Thanks for your suggestion! Let me see if I fully understand your comment. When an identifier is added, you would like to know in which system the identifier belongs. So instead of just the term "dwc:taxonID": "BRKJG" you would like to see that this identifier is an identifier from Catalogue of Life (COL). This way, machine agents would know what to do with the BRKJG identifier. A good point, and we don't have any option for that (yet). It would potentially mean adding additional terms for each term that might contain an identifier, and as we follow DarwinCore in most of these place, it would be better to add these to DarwinCore.

What we do have is that we try to create EntityRelationships for each identifier going to an external system. So in addition to storing the "dwc:taxonID": "BRKJG" in the specimen, we also create an EntityRelationship:

{
  "@type": "ods:EntityRelationship",
  "dwc:relationshipOfResource": "hasColID",
  "dwc:relatedResourceID": "https://www.catalogueoflife.org/data/taxon/BRKJG",
  "dwc:relationshipEstablishedDate": "2024-08-23T13:01:44.099Z",
  "ods:RelationshipAccordingToAgent": {
    "@id": "https://hdl.handle.net/TEST/123-123-123",
    "@type": "as:Application",
    "schema:name": "dissco-nusearch-service",
    "ods:hasIdentifier": []
  },
  "dwc:relationshipAccordingTo": "dissco-nusearch-service"
}

This relationship is saying, this specimen in DiSSCo's infrastructure has a relationship with this other infrastructure. It indicates was identified at a specific data by an agent, in this case the name DiSSCo name usage search service. This entityRelationship also contains the relatedResourceID with the resolvable URL to the related resource. I think these entityRelationships will be what the machine is interested in and could you to combine data from different sources.

What do you think, are we taking the right approach here or would you do it differently?

Kind regards, Sam

snsb-seifert commented 2 weeks ago

Hi Sam, you understood me correctly. My approach would have been to narrow the usage of these terms to something resolvable (URL) or more defined as e.g. lsid, in the context of OpenDS.

In your example we learn, that there is a relation "hasColId". But where is the meaning of hasColID defined? It could be that this can be retrieved from the agent description via the given doi. How do we know, that this relation is for e.g. the scientificNameID or the acceptedNameUsageID? Both might be given for one Specimen (or MaterialEntity).

In dwc:scientificNameID the context what this ID is about is clearly given by the term definition. Maybe there is a terminology which defines "hasColID" to be the dwc:acceptedNameUsageID? Or a registry which states that the output of "dissco-nusearch-service" is a direct match to acceptedNameUsageID?

Best regards, Stefan

wouteraddink commented 2 weeks ago

Hi Stefan, thanks for your comment. If we would add additional terms to describe an identifier type, these would probably need to be openDS terms as there is no DwC equivalent. There would then be a few options:

  1. describe an identifier as being either a RESOLVABLE, GLOBAL or LOCAL, or
  2. describe them on a more detailed level: LSID, ARK, PURL, ISBN, or
  3. even a more detailed level like COL ID, CETAF ID, GrSciColl ID instead of PURL.

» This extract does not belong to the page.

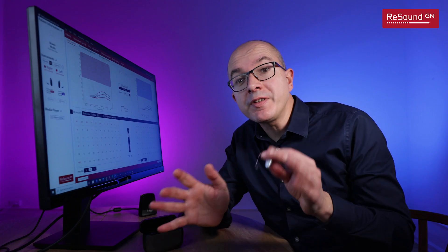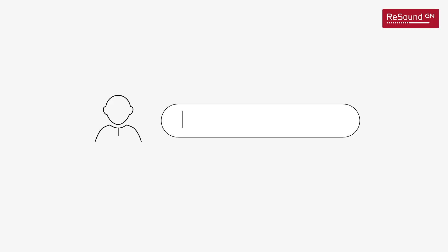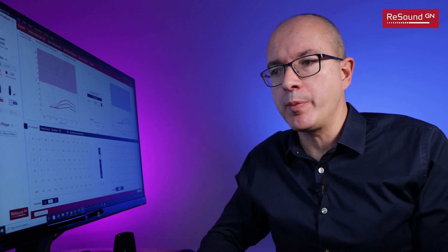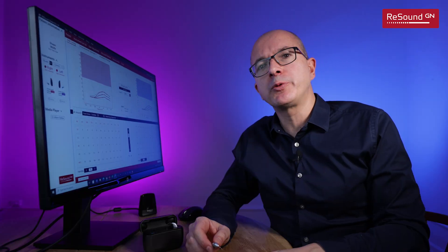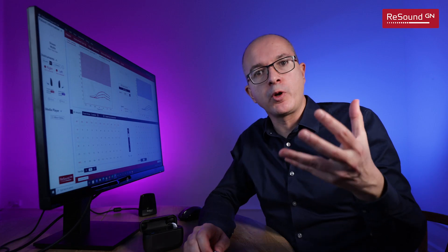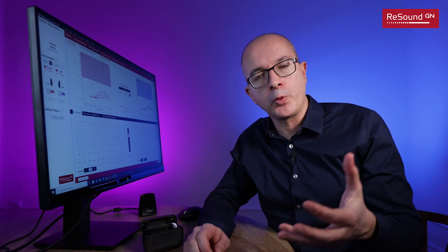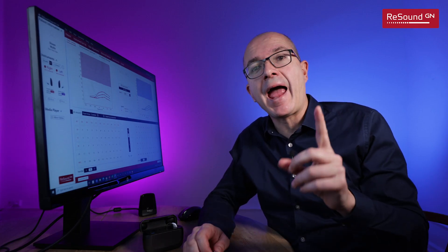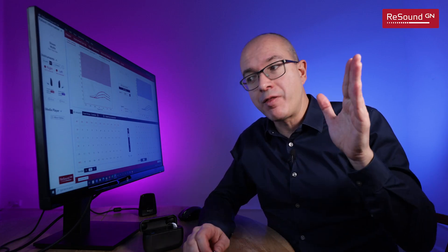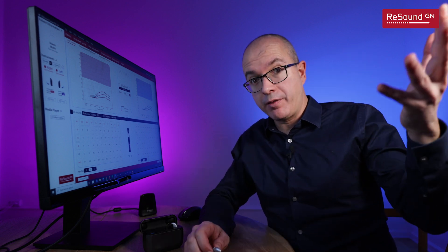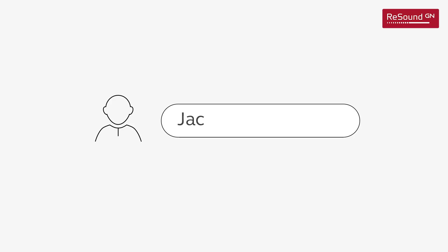In this example we are going to program hearing aids for a fictional character, and it's always difficult to find names for imaginary people. I don't want to write test test like we all do. You know what is the most common name in Hollywood movies? It is actually Jack and the most common surname is Smith. So here you go, Jack Smith is going to be the name of our patient.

Describing a type is the most useful for non-resolvable GUIDs, e.g. ISBN, LSID, Crossref Funder ID otherwise there is no way of knowing what the ID represents unless you can deduct it from the string. To make that actionable by machines it would need to be a controlled vocabulary but that is difficult to establish as the number of ID types is growing fast.

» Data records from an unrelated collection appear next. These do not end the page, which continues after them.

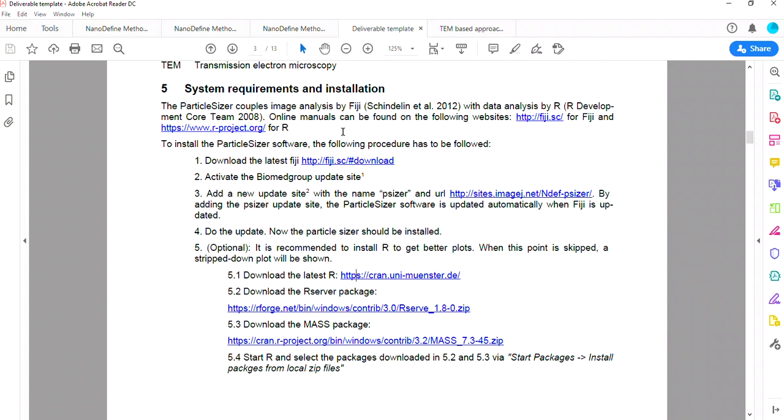First, you should run R always as an admin, especially to install the packages R-Serve and Mass. Make sure your R-Serve and Mass packages are adapted to your version of R. Finally, if you haven't been using R in a while, you might want to download R-Tools and run it to update everything.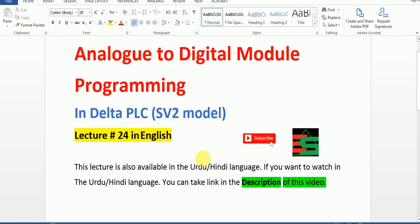Hello friends. This lecture is also available in the Urdu-Hindi language. If you want to watch in Urdu-Hindi, you can find the link in the description of this video. Today our topic is Analog to Digital Module Programming in Delta PLC SV2 model. This is lecture number 24. Don't forget to subscribe to our channel and share this video with your friends.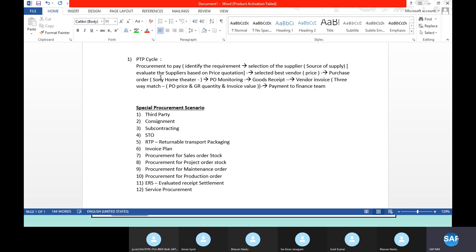What do you mean by third party? Did anyone know about the third party process? So what do you mean by third party? Companies like Flipkart and Amazon are using the third party sales process. I am the person receiving the order from the customer, but I am not the supplier — I am not supplying the goods to the customer. Generally in P2P, when you order stock, the supplier sends goods to you. But in third party, what happens is: I get the order from the customer, but I am not supplying the goods — I ask the vendor to supply goods directly to the customer.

PIDs like RORs, ORCIDs, ARKs should always be provided as full URL and then it not so important to know if it is a ROR or an ORCID, as you could get that information by resolving the PID. So if we add a term I would propose to go for option 1. We already do that for the primarySpecimenObjectId in the PID record, where we have primarySpecimenObjectIdType. We could also add a name for the identifier but as a free text string, which is especially useful for local identifiers. We also do that in the PID record for the primarySpecimenObjectId. Let's say you have an identifer 123a, then it would help if you have a locally used name for it, say "registration number".